Ted's last known match was against McKigney on March 29, 1975, in Akron, Ohio.

==Life==
Ted was declawed and detoothed, and travelled with a carnival in his early years. When the carnival went bankrupt in the early 1950s, he was adopted by Dave McKigney. Later, he was joined by another bear, Smokey.

On July 13, 1966, McKigney offered $3,000 to anyone who could pin Ted. The challenge was accepted and met by John Szigeti, a 36-year-old welder who wanted the money for truck repairs, who pinned Ted "for maybe 15 seconds" before McKigney pried him free. McKigney and promoter Howard Darvin refused to pay the prize, so Szigeti sued them in May 1968.

In October 1970, Ted spent several days in the Lowndes County jail. McKigney had offered a $1,500 prize to anyone who would wrestle Ted, which was accepted by a 350 lb construction worker named Ed Williams. Before the match, McKigney informed Williams that Ted had recently developed a poor disposition and could be dangerous, and so cancelled the match. Williams accused him of skipping out on the deal, and signed a writ of attachment.
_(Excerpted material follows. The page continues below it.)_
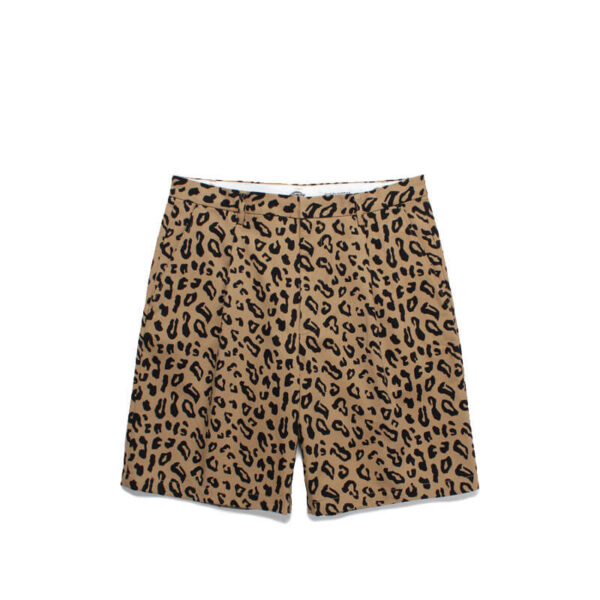 WACKO MARIA DICKIES Leopard Pleated Short - Beige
Ted was held as security, and later released on $3,000 bail and McKigney's promise to appear in court.

Ted briefly lived at Stu Hart's home in Calgary while working for Stampede, where a young Bret Hart would let him lick ice cream off his feet.

On July 2, 1978, in Aurora, Ontario, McKigney left Smokey's cage door open while he was gardening. Smokey entered McKigney's house and mauled his girlfriend, 30-year-old Lynn Orser, to death. As a result, both bears were taken away by the Ontario Humane Society. Smokey showed no signs of rabies as of July 5, but was under a 14-day quarantine. McKigney's only possible explanation was that bears sometimes act unpredictably during mating season. Their fate is uncertain.

In July 1988, in Newfoundland, McKigney was driving to a wrestling show with Adrian Adonis and William and Victor Arko. He swerved to avoid hitting a moose on the Trans-Canada Highway and crashed the van, killing himself, Adonis and Victor Arko and injuring William Arko.